For example, the Atar council had thirty seats; Zouîrât had
thirty-six. The councils assumed responsibility for local
economic and financial planning and for cultural activities;
however, as in the old regional assemblies, theirs was a limited
autonomy. In addition to the elected counseillers and
mayor, each council included an agent of the state with the title
of secretary general, appointed by the minister of interior,
information, and telecommunications. The ostensible task of the
secretaries general was to provide managerial expertise to the
elected counseillers and mayor, none of whom may have had
previous administrative experience. At the same time, however,
the secretaries general acted as representatives of the central
government and thus fulfilled the Taya government's objective of
decentralizing while maintaining national control.

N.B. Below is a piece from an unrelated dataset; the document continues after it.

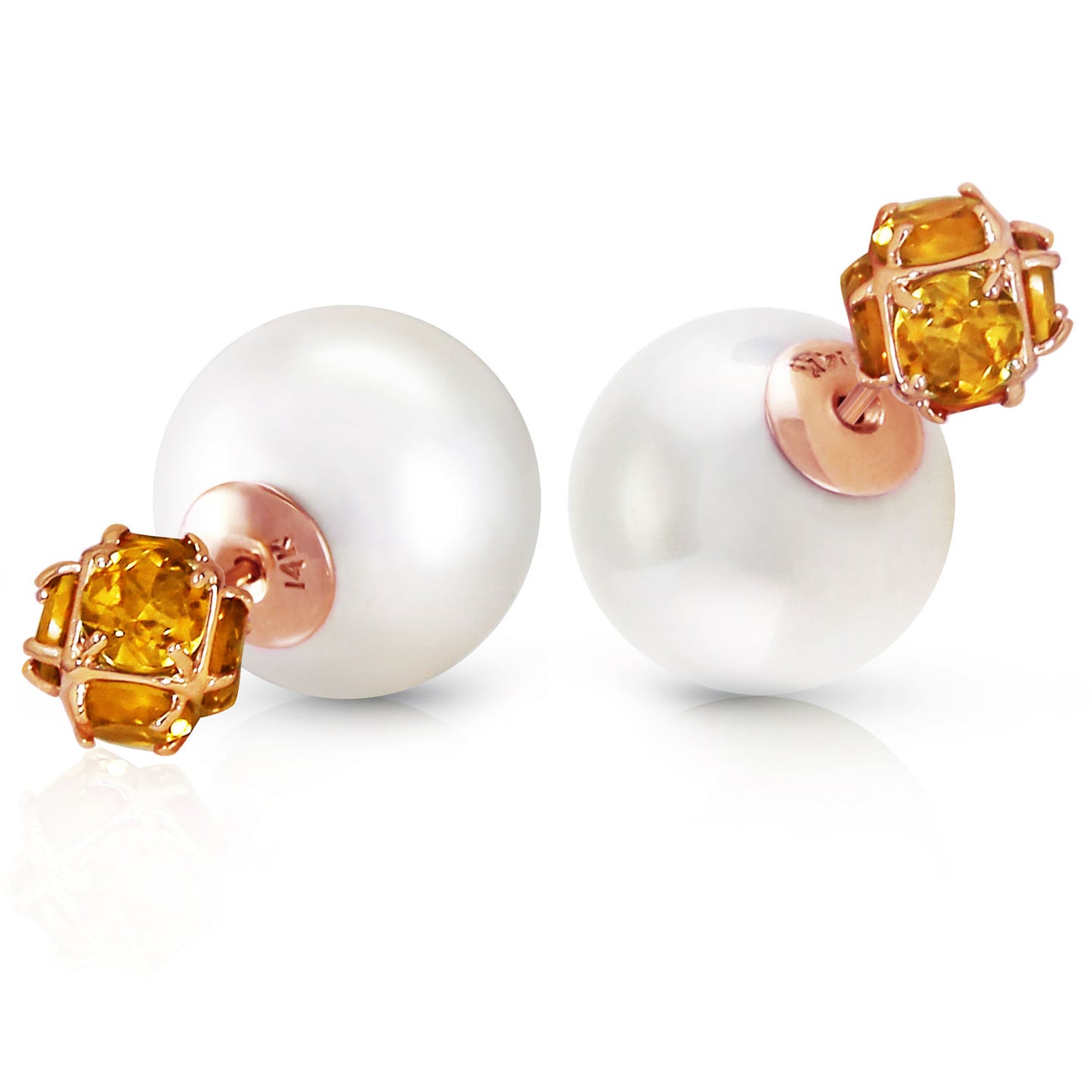 Regal Crown Citrine & Pearl Earrings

Membership in the municipal councils was determined by
popular vote with universal suffrage and secret ballots. Locally
based political parties, some of which had ties with parties in
other areas and all of which included as part of their name the
word union, nominated slates for all or a portion of the
seats on the council. Debate dealt exclusively with local issues,
and a limit of four candidates represented the four slates
contesting each seat. The campaigns and elections in December
1986 were conducted in what has been characterized as a
surprisingly decorous manner, with between 48 and 65 percent of
the electorate voting. To its credit, the government refused to
inflate vote totals as is often customary elsewhere in the Third
World. In four of the thirteen municipalities, no slate won a
majority during the first round of voting, so a runoff vote was
held a week later on December 26, 1986. Once seated, the councils
elected mayors who, in every city except Nouakchott, had headed
the majority slate in the council. In the capital, Mohamed Ould
Mah, who headed the Union for Progress and Brotherhood minority
slate, won an unexpected victory over the leader of the majority
National Democratic Union slate.
In some respects, the election of municipal councils seemed
little more than a repeat of earlier, somewhat pretentious
attempts to bring the trappings of representative democracy to a
society unaccustomed to mass political participation. But unlike
earlier efforts, which were inappropriate copies of the colonial
administration, the new councils had organic roots and modest
aspirations. In light of the paucity of resources available to
the mayors and the councils, foreign observers doubted that this
experiment in democracy would resolve Mauritania's profound
economic and political problems. Nevertheless, the Taya regime
asserted that the elections were but a first step in the longterm process of democratization.